Fabrication and mechanical properties of metakaolin-based geopolymer composites reinforced with auxetic fabrics

This work presents a novel experimental study on the use of auxetic fabrics as the main reinforcement in geopolymer composites, aiming at higher energy dissipation in impact demanding applications. For this, a potassium-based geopolymer was reinforced with an auxetic fabric consisting of basalt fiber fillings positioned between helical auxetic yarns (HAY) made of a thermoplastic polyester core, and a stiffer liquid-crystal polymer wrap, which dispersed the load demands into several single elements having different capabilities. The composites were investigated under quasi-static flexural and tensile loadings, in both longitudinal and transverse directions. The latter showed increased mechanical strengths, up to 26 MPa in tension, and 12.8 MPa in flexural strength.
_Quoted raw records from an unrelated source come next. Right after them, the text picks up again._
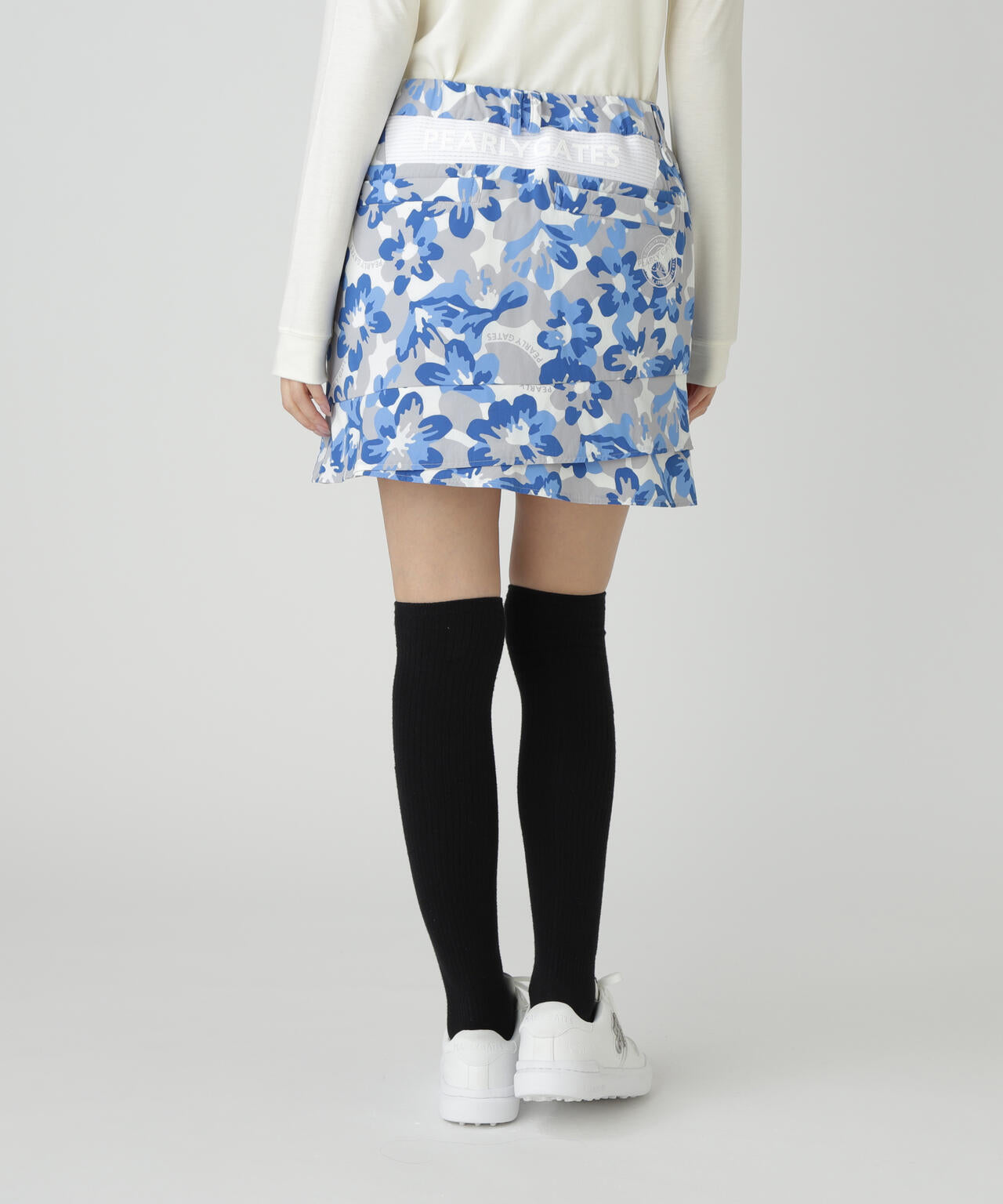 Peストレッチドビー中綿スカート ＜ラフ花ロゴ小柄＞ | PEARLY GATES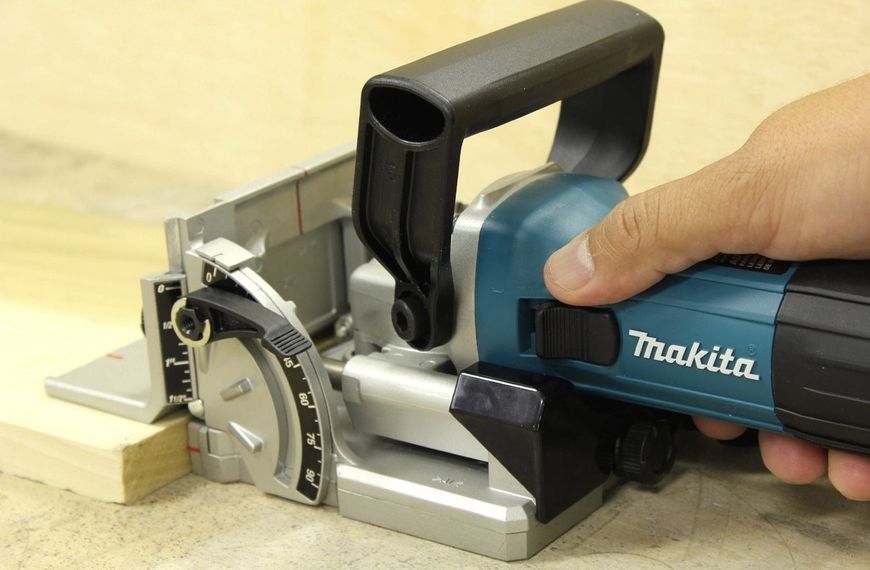 Професійний фрезер ламельний для шкантів і пазів MAKITA PJ7000J : 710 Вт фрезер для плоских роз'ємів в кейсі PJ7000J фото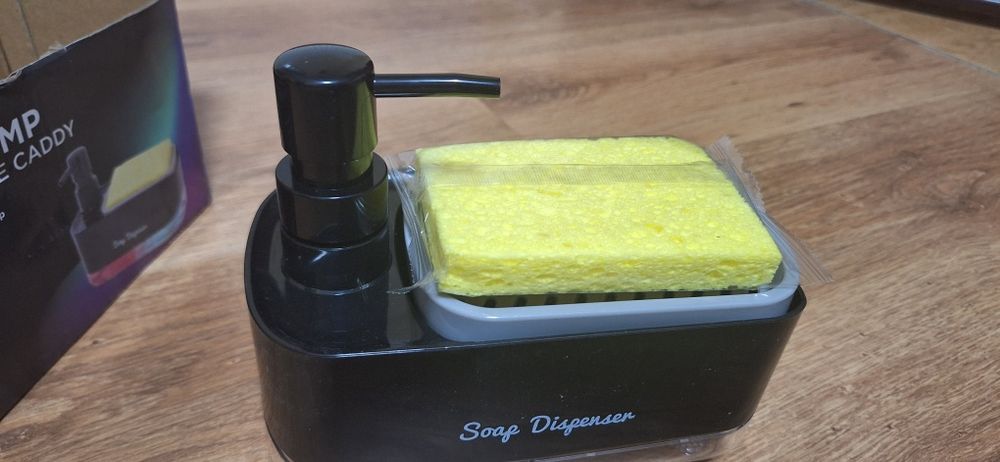 Dozator de  bucătărie cu burete nou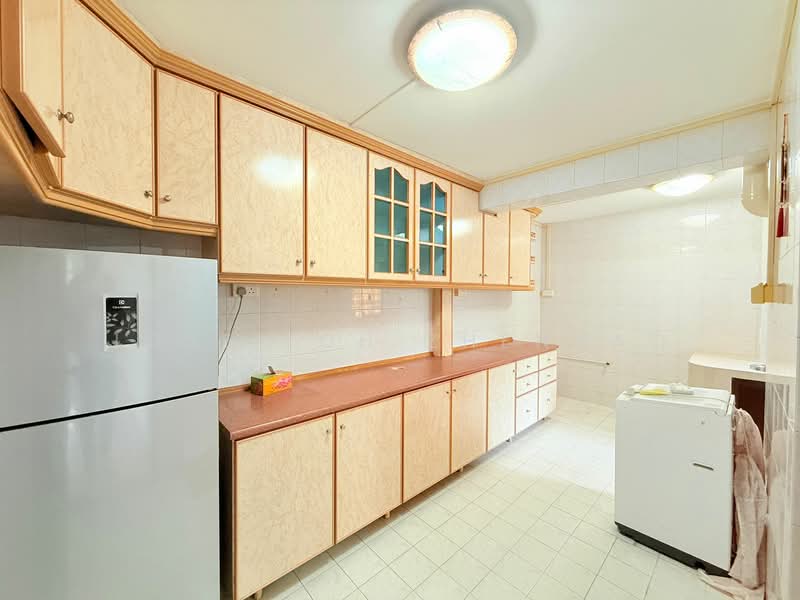 20 Bedok South Road, 20 Bedok South Road, 3 Bedrooms, 1,259 sqft, HDB Flat For Sale, by Jose Loh Zhenhao, 500117453 - Kitchen - PropertyGuru.com.sg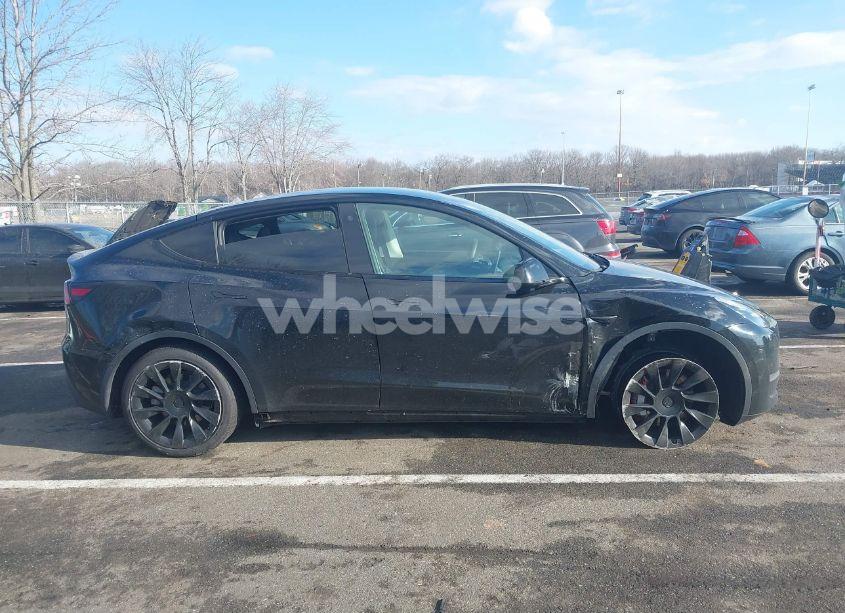 Photo 13 of 2021 Tesla Model Y LONG RANGE DUAL MOTOR ALL-WHEEL DRIVE (VIN 5YJYGDEE8MF078740)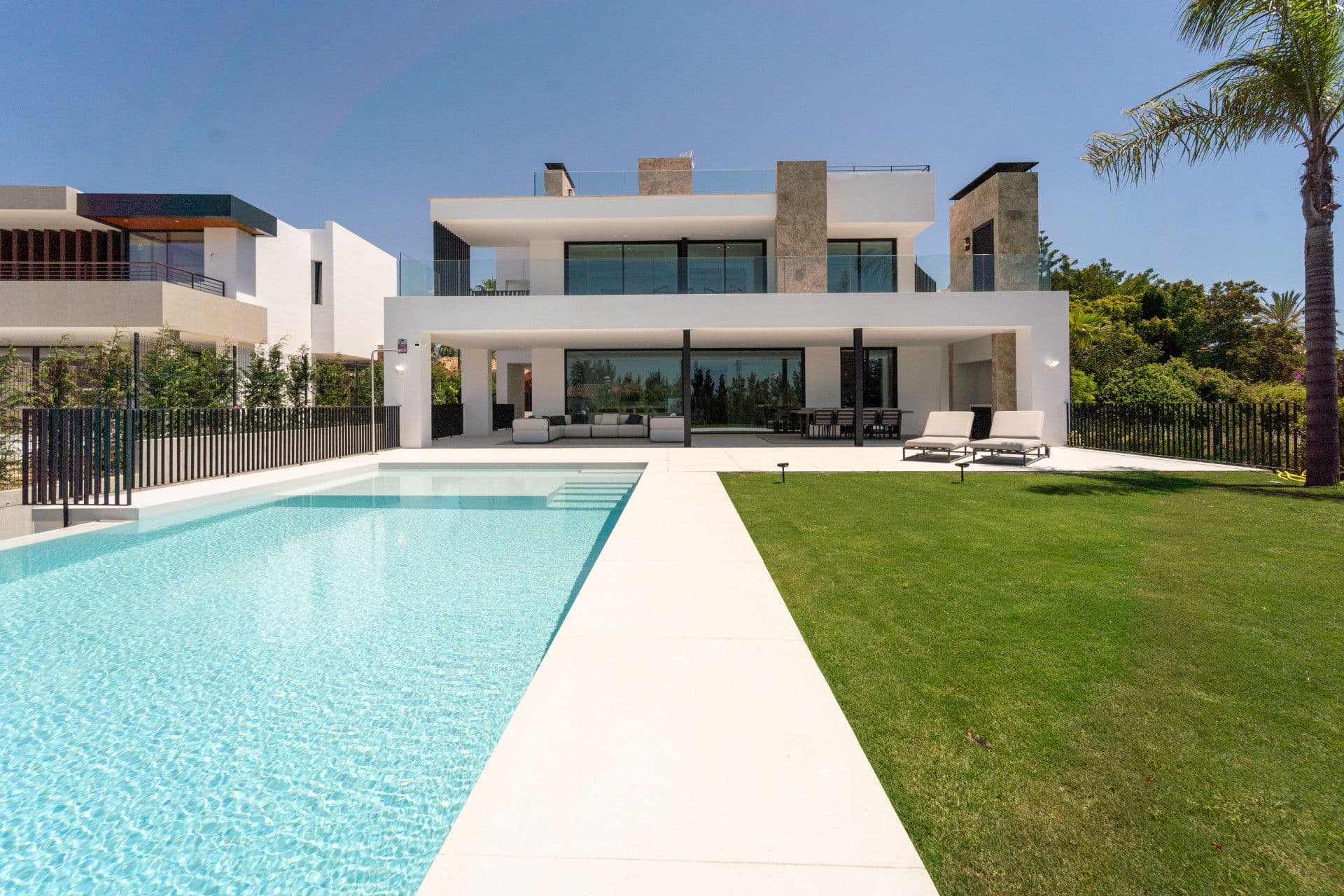 New build villa in Los Naranjos, Marbella, for sale.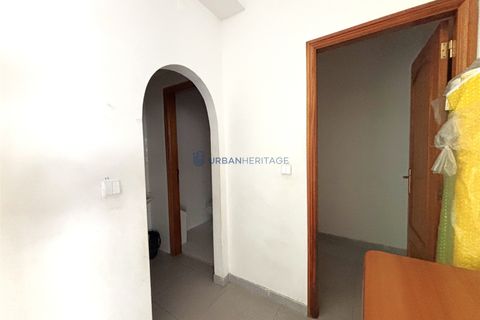 Erhvervsejendom i Amadora, Lisbon, Amadora - € 200.000 | Ref: UH011503 - foto 9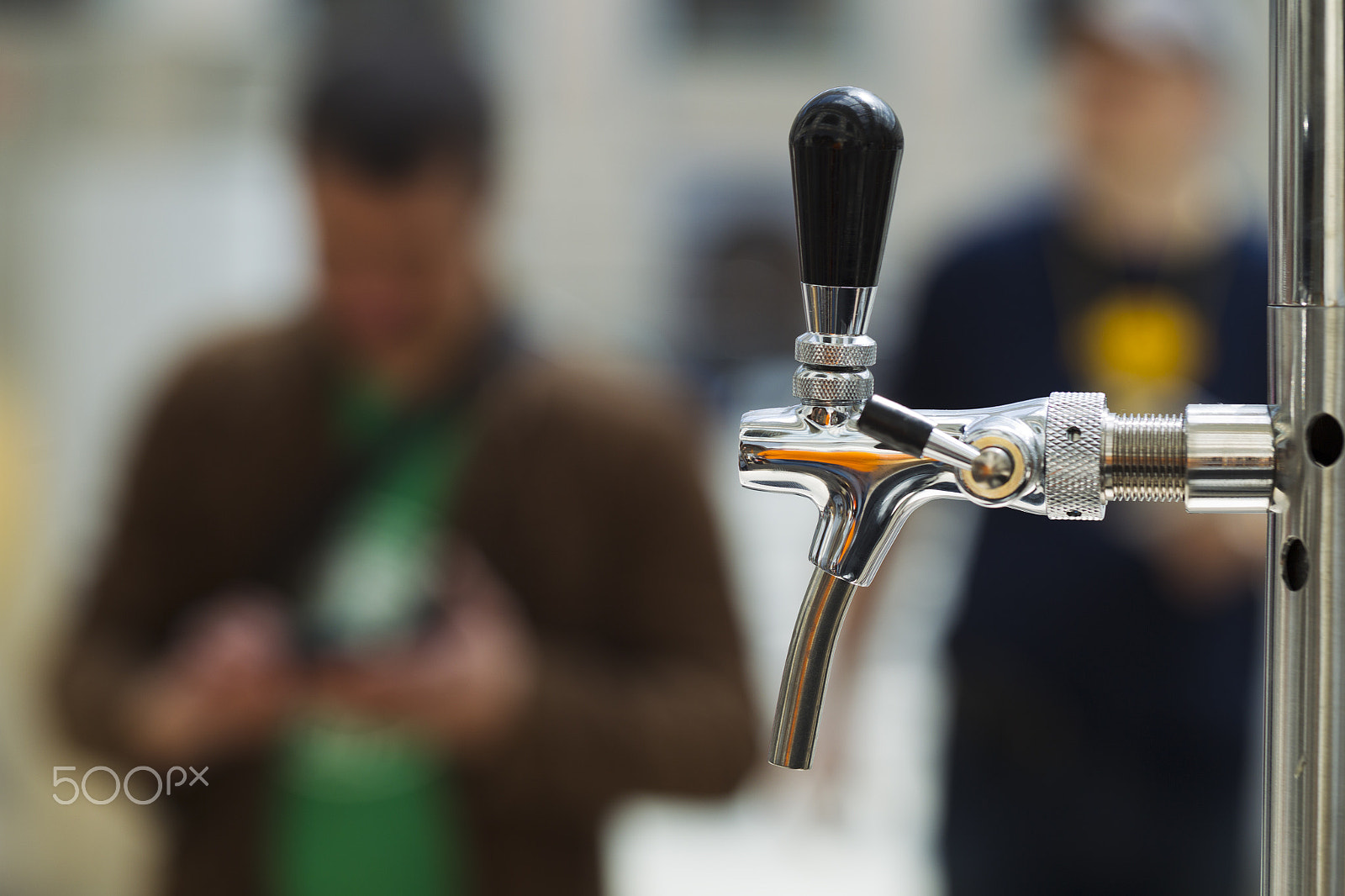 Canon EOS-1D Mark IV sample photo. Bright metal beer tap photography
Each fiber portion was tested in tension separately, reaching flexible (core) and stiffer (wrap and basalt) responses, whereas HAYs displayed combined performances due to a suitable auxeticity effect, that is, a negative Poisson's ratio. The pullout investigation justified the cracking and delamination of the composites, due to its cyclic lateral area modification, which created a load demand much higher than what the brittle geopolymer can sustain in this type of solicitation. Thermogravimetric analyses helped to predict the use of such configurations under thermal exposure, pointing out that the geopolymer material could be a suitable thermal barrier to prevent sudden degradation of the fabric under these conditions.